The Realm of Harmonization - Li Chen's Sculpture World
Director, National Art Museum of China
We are in the middle of a highly developed era and an iconographic world, the influences of which have permeated the formal language of many artists. Many of these forms we seem to have seen before, and we pass them over without leaving any deep impressions. But after only one glimpse at Li Chen's sculptures we cannot forget them. Their extremely characteristic faces and intense mannerisms make people exclaim over their perfection, just as they come from the outer reaches of space crossing through their vision, or as they were scriptures from remote antiquity that stand unique and outside of the world.
I have had many opportunities to enjoy Li Chen's works over the years. Every time while appreciating the works, I simply feel the joy of them appearing again, instead of spending time to deeply research the reasons behind how the artist has developed his style. Although he has just reached middle age and even retains young appearance, Li Chen's style appears innate and naturally mature. I do not know how other artists feel when facing his work, but I am convinced that he is an innately talented artist and one that is in pursuit of a perfect world. His sculptures possess self-sufficient world, and that is what causes his works to be so full and rich in form, mellow in line, and entirely integrated in concept.

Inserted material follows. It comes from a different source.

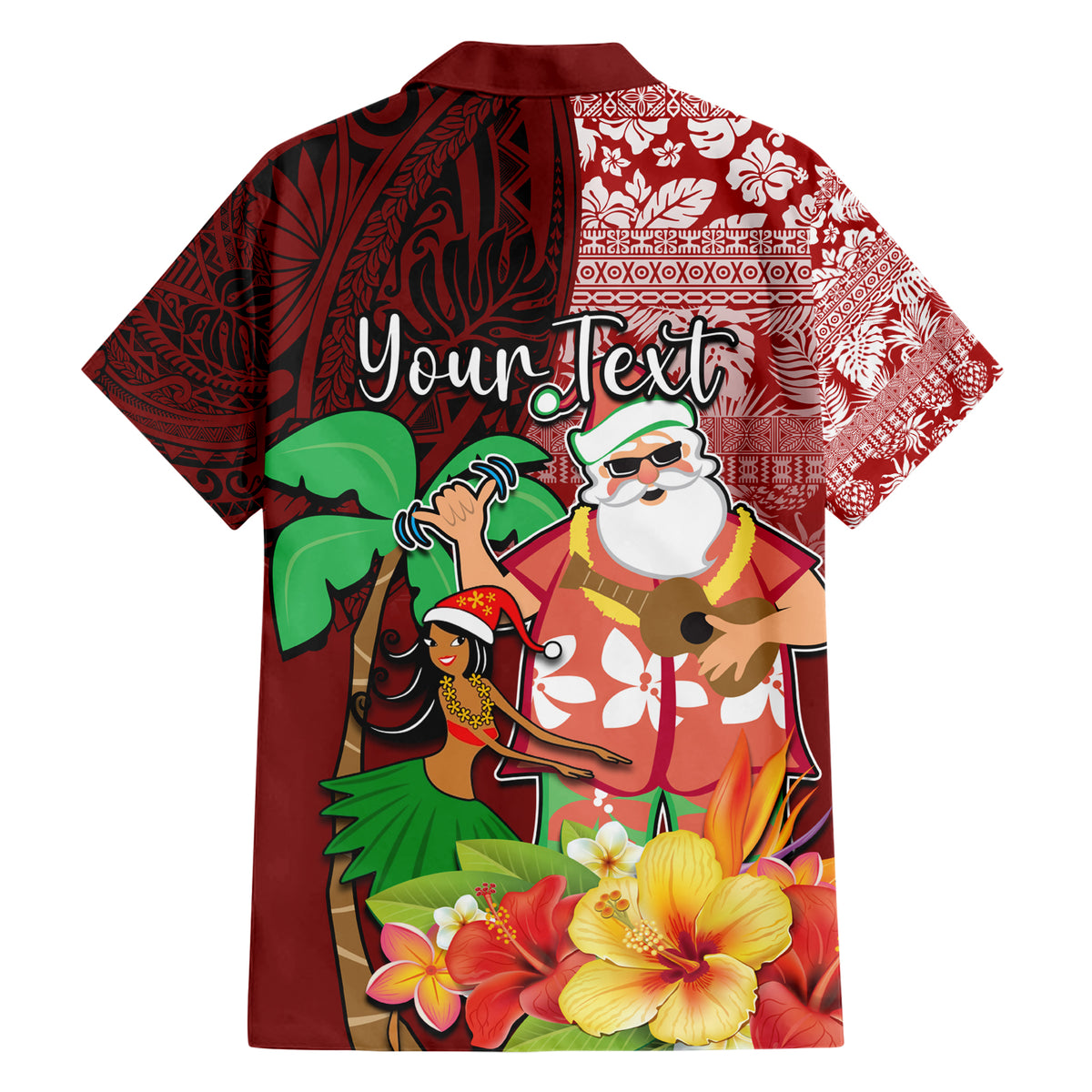 Custom Hawaii Mele Kalikimaka Family Matching Short Sleeve Bodycon Dress and Hawaiian Shirt Santa Claus and Hula Girl Tropical Folwer with Hawaiian Pattern LT03 - Polynesian Pride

If we consider it closely, an artist's success inevitably exists in their methodology of finding the solution to a problem based on a foundation of lofty aspirations, allowing the language of perception and method of reasoning to achieve a high level of unity, so that the method can result in a creatively imbued image. From my point of view, Li Chen's sculptures have found solutions to problems facing the creation of contemporary sculptures in at least three ways. That is to say, there are three ways in which his sculptures resolve many contradictions within one unified element, thereby conceiving and hastening the birth of a new kind of achievement.
First, in their characteristics, his works are founded on the transcendent, but they are combination of the worldly as well as the transcendent. Most of Li Chen's art is selected from the material of Buddhist subjects or Buddhist thoughts. This indicates his presence in the space of common life and also his yearning for the spiritual appeal of a world beyond mortal life. Clearly all of his large Buddha series, bodhisattvas and images of disciples are dignitaries that have surpassed this world. They are free and natural figures, to the point that one is able to describe all of his Buddha-themed sculptures as "Sakyamuni." Yet he is not a Buddhist artisan, but rather an artist with a profound understanding of Buddhism who has immersed himself in the world of Buddhist studies. As a result, his sculptures are unique and his vision exceeds form as he reaches Buddhist subject with natural and cosmic themes, making works that are like the "Sakyamuni" of divine creation and of the heavens and the earth. What is interesting is that the forms of Li Chen's sculptures show a kind of shape that is both worldly and transcendent. these Buddhist figures possess the forms, expressions and details of ordinary life, and therefore making people feel as if the figures are close to the world of human emotions, giving the forms a natural twofold connotation.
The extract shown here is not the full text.